Все эти примеры вынуждают нас сделать вывод, что Эйнштейн действительно сделал несколько комментариев расистских и бесчеловечных, некоторые из них крайне неприятны, особенно для современного читателя. В этих личных заметках Эйнштейн поддерживал пресловутую неполноценность других «рас». Тем самым он как будто бы пошел дальше, чем публичная «идея расовости» немецко-еврейских и сионистских интеллектуалов, о которой говорилось выше – они, согласно историческим исследованиям, не утверждали никакого превосходства еврейского народа239. Я, конечно, не верю, что Эйнштейн поддерживал «относительно связную теорию» расизма. И он, конечно, никогда не говорил, что должны быть приняты какие-то конкретные меры против якобы «угрозы» других рас. Но он как будто бы не слишком сильно беспокоится, когда становится свидетелем сегрегации, например, в Гонконге.
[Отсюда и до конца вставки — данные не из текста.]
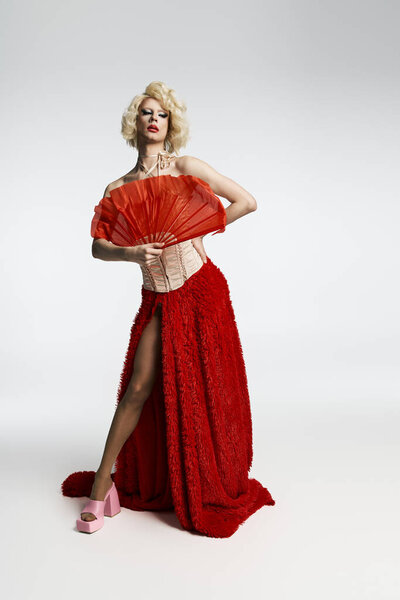 Королева-трансвестит с светлыми волосами и смелым макияжем позирует в красной юбке и корсете, держа в руках красный веер.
Таким образом, даже если он не поддерживает полностью развернутую идеологию расизма, я уверенно заявляю, что время от времени расизм Эйнштейна попадает в категорию «не столь связных стереотипов, образов, атрибуций и объяснений»240, которые он использует, чтобы оправдать различия, которые видит между членами разнообразных этнических групп.
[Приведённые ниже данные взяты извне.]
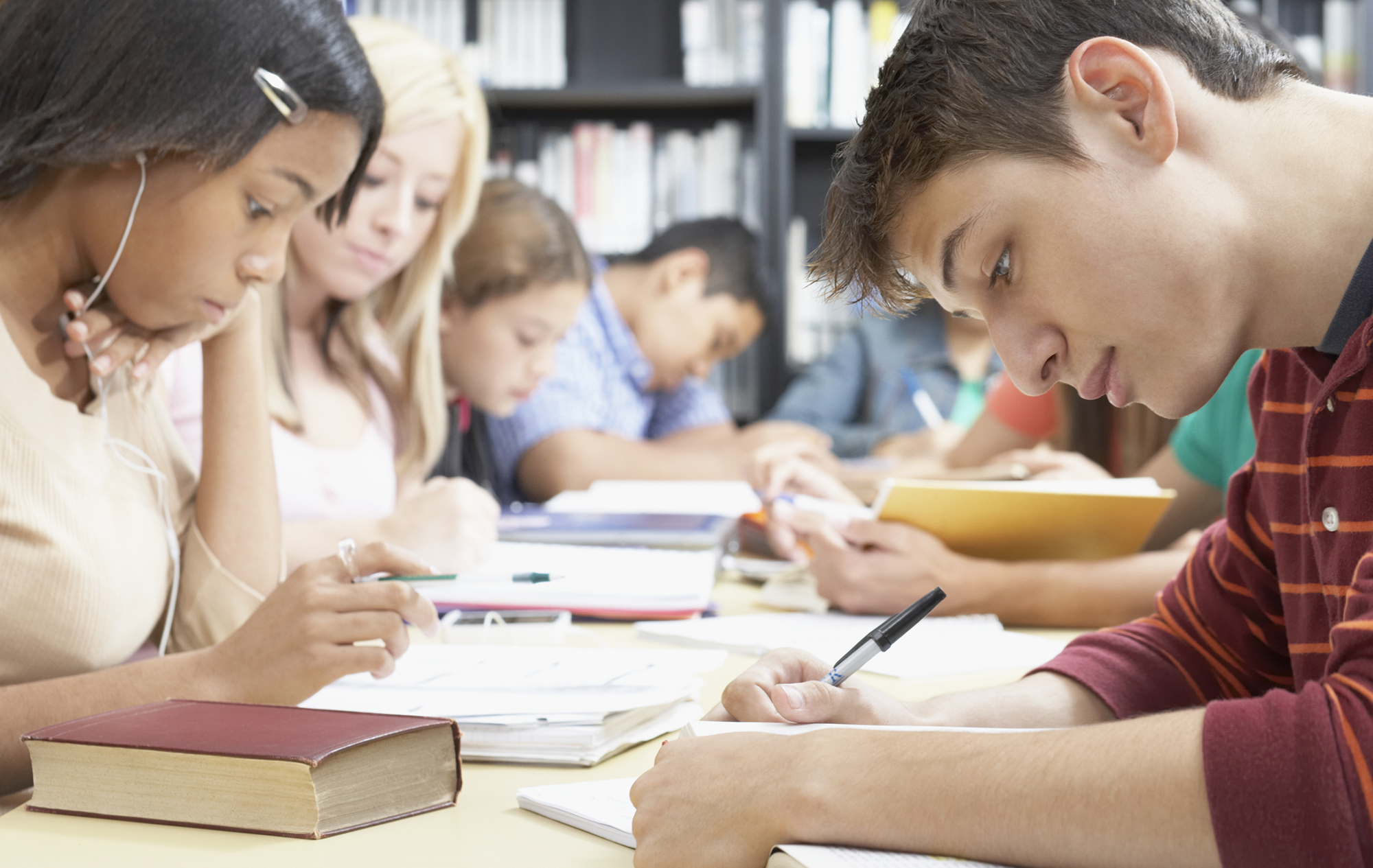 Group of students studying at a long table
Как история путешествий и туризма в современную эпоху объяснят нам характер путешествий Эйнштейна во время его поездки в Восточную Азию?
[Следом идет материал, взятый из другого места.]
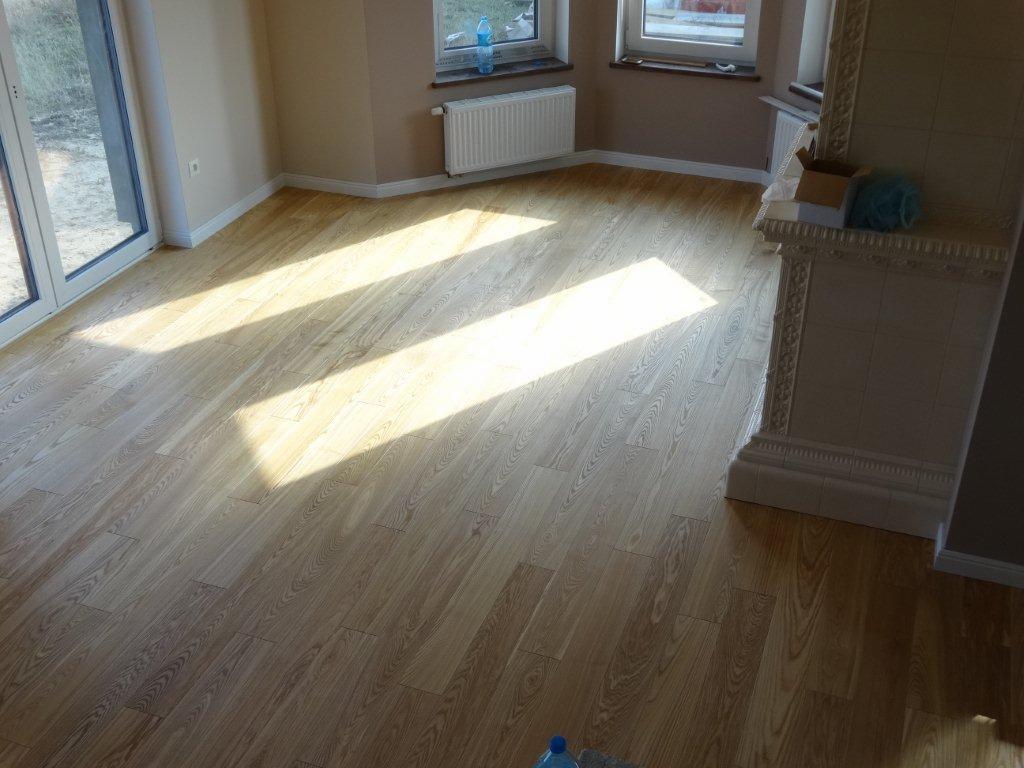 Jasne panele podłogowe ułożone w nowym pokoju z białymi listwami przypodłogowymi, widoczne promienie słoneczne wpadające przez okno i niedokończony piec kaflowy w rogu.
Путешествие часто означает путь к себе241. Специалист по микроистории, итальянец Эдоардо Гренди определяет туризм в индустриальную эпоху как «чрезвычайную форму нормального»242. Специалист по истории туризма Дин Макканнелл делает похожее заявление, когда пишет: «туристы находятся в поиске впечатлений, объектов и мест, которые позволяют им восстановить структуры, от которых они удалены в повседневности». Современные туристы ищут все большую аутентичность в других странах, которые посещают243. В эпоху колониализма это приводило либо к «ментальной обработке иностранного такими способами, которые часто позволяли заключить его в успокаивающие категории привычного… либо к реконструкции его как другого: экзотического, эротического, уступающего, превосходящего, опасного»244. Поход за «аутентичным другим» также рассматривается как поход за «аутентичным эго»245. Образ иностранца предопределен с помощью концепций родной культуры туриста246.
Многие историки туризма разграничивают понятия «путешественник» – тот, кто полон «исследовательского духа и самомотивации», и «турист» – тот, кто «реактивен, идет проторенными путями и ищет предсказуемых впечатлений заранее определенным способом»247. Длительные поездки Эйнштейна происходили на фоне зарождения современного массового туризма. После Первой мировой войны в Германии у людей резко возросло желание путешествовать. В отличие от предвоенного периода, путешествие теперь рассматривалось не как привилегия избранных, но как товар, который могли себе позволить различные слои населения248. Можно ли рассматривать поездку Эйнштейна в Восточную Азию как путь самопознания? Была ли она «чрезвычайной формой нормального»? Пытался ли он восстановить структуры, от которых был удален?
Начиная со второго дня путешествия Эйнштейн, кажется, собирается использовать поездку как возможность глубже узнать и осознать себя. То, что температура поднимается, кажется, помогает этому: «Солнце оживляет меня и стирает пропасть между Эго и Ид». Сразу вслед за этим Эйнштейн пишет, что первые дни на борту корабля в свободное время он читает уже упомянутый научный труд о связи между физиологией и типами личности, автором которого был немецкий психиатр Эрнст Кречмер. Поначалу он не находит книгу уместной: «В итоге могу определить, к какому типу принадлежат многие мои знакомые, а самого себя не могу, потому что я безнадежный гибрид». Но все же на следующий день он обнаруживает, что книга произвела на него глубокое впечатление, дав ему значительное понимание собственного характера. «Вчера меня выбило из колеи чтение Кречмера. Чувствовал себя как одержимый. Сверхчувствительность, перешедшая в безразличие. В подростковые годы внутренне заторможен и необщителен. Стеклянная стена между субъектом и другими людьми. Необоснованная подозрительность. Всепоглощающий бумажный мир. Аскетические импульсы»249.